● **What is expected**
Whatever lies between the line with "So that does" and the end of the data, both included, must be copied exactly and without pictures.

Records Start Marker

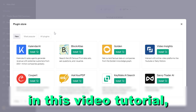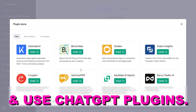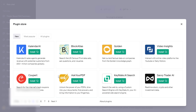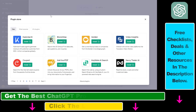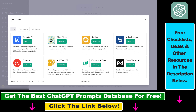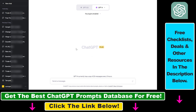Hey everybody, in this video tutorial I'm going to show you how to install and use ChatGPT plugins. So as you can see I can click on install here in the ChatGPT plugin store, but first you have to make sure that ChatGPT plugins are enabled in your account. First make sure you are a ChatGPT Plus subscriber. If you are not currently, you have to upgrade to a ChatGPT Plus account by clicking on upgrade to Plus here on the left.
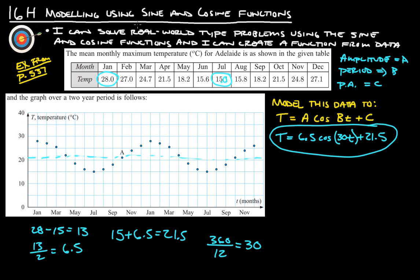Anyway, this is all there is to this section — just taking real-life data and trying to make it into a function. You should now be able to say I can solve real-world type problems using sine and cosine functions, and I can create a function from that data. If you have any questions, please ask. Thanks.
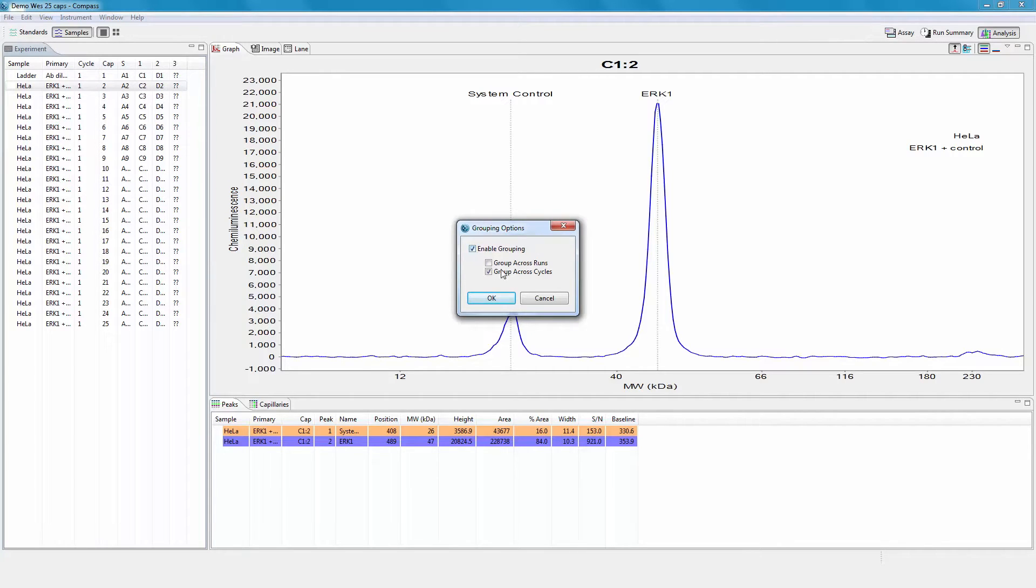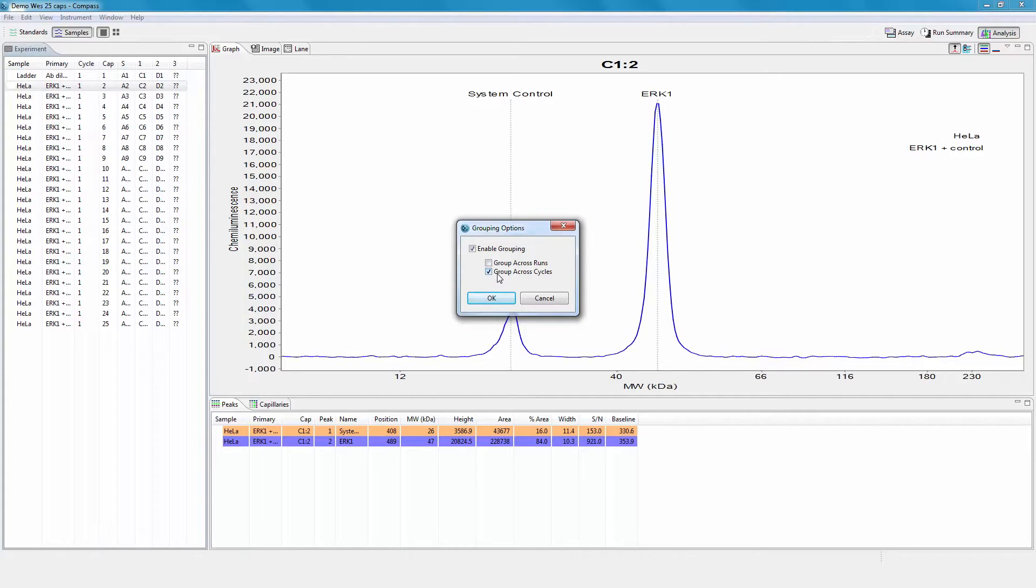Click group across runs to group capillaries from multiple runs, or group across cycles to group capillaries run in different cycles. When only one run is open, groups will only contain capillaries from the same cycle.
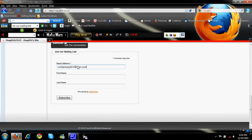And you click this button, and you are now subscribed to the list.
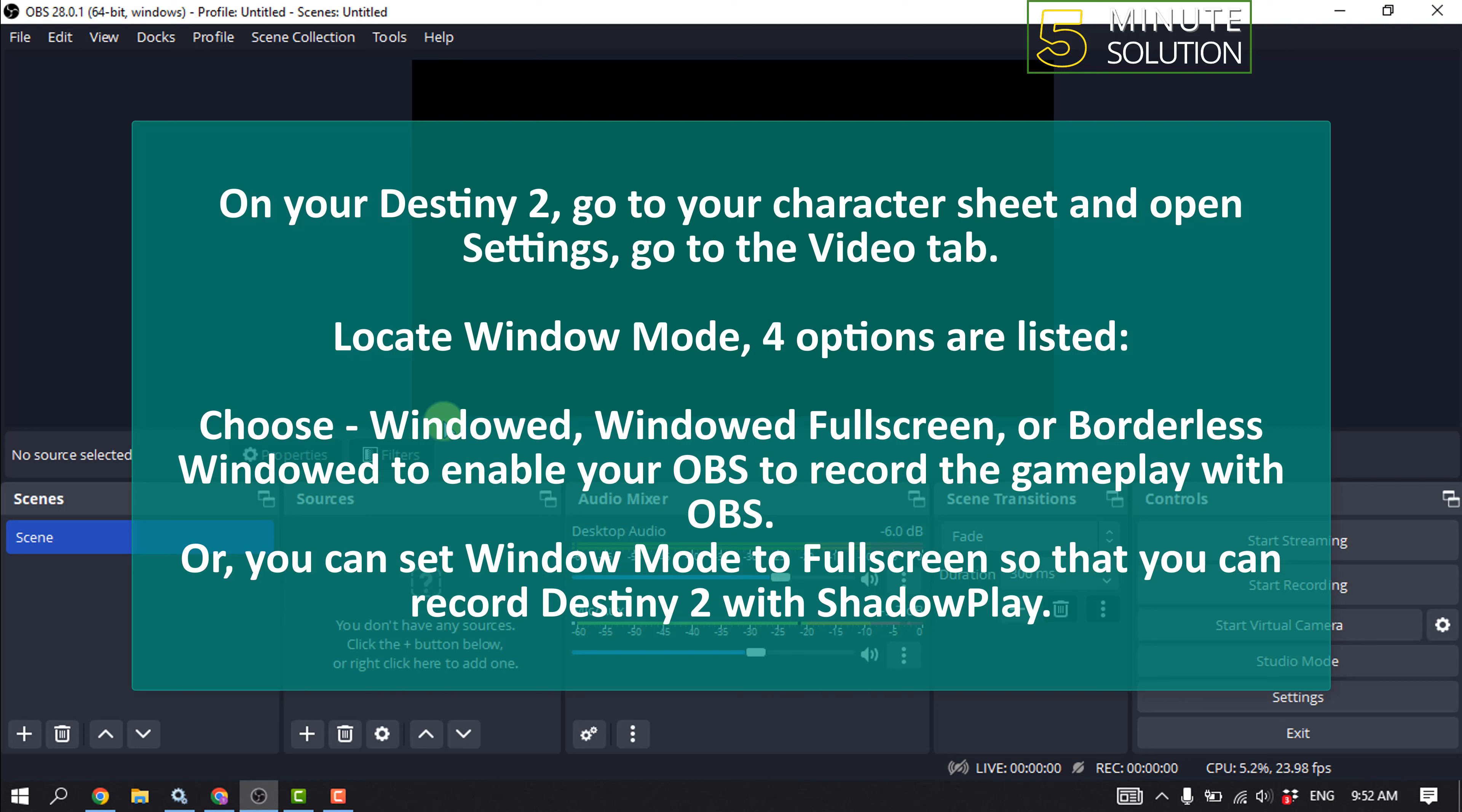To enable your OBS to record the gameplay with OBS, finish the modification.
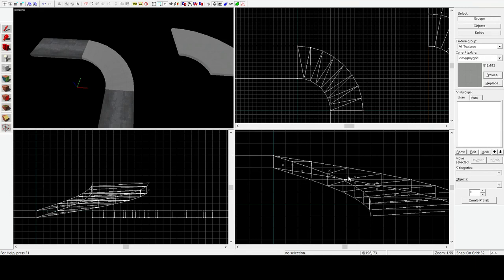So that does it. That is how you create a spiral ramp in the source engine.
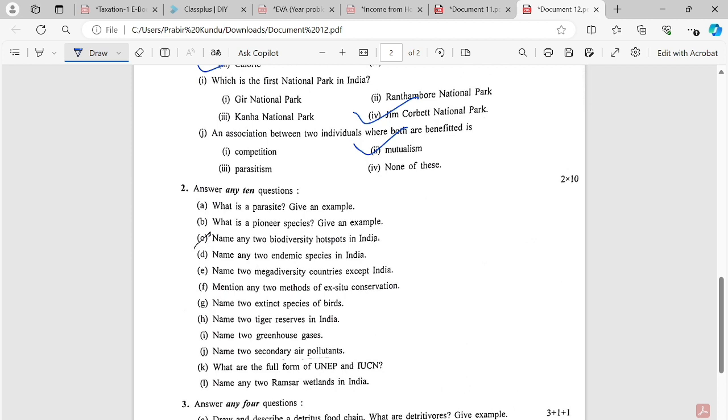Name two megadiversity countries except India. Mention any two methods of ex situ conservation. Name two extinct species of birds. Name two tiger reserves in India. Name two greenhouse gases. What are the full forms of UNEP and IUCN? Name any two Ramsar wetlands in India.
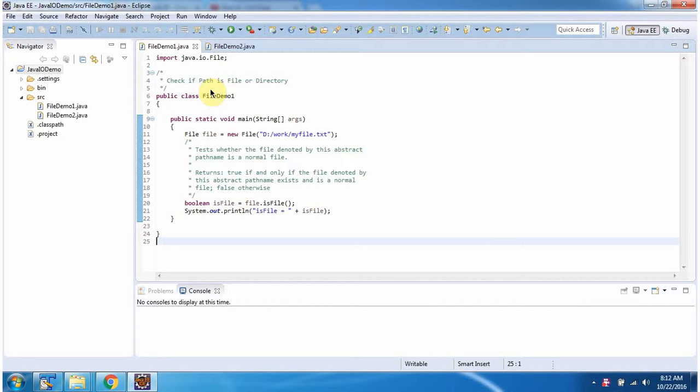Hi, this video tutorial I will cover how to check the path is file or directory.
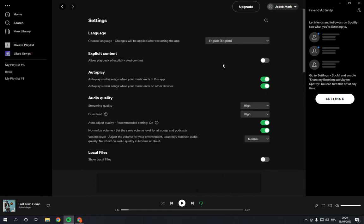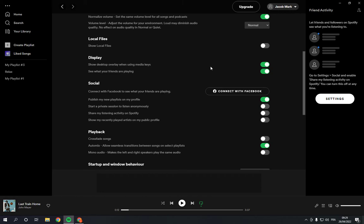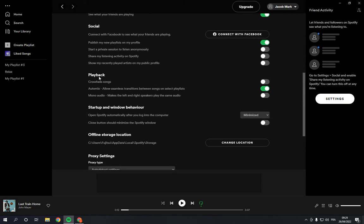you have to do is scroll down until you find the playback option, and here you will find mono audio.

Records End Marker

● **Written solution**
So that does it. That is how you create a spiral ramp in the source engine.
Name two megadiversity countries except India. Mention any two methods of ex situ conservation. Name two extinct species of birds. Name two tiger reserves in India. Name two greenhouse gases. What are the full forms of UNEP and IUCN? Name any two Ramsar wetlands in India.
Hi, this video tutorial I will cover how to check the path is file or directory.
you have to do is scroll down until you find the playback option, and here you will find mono audio.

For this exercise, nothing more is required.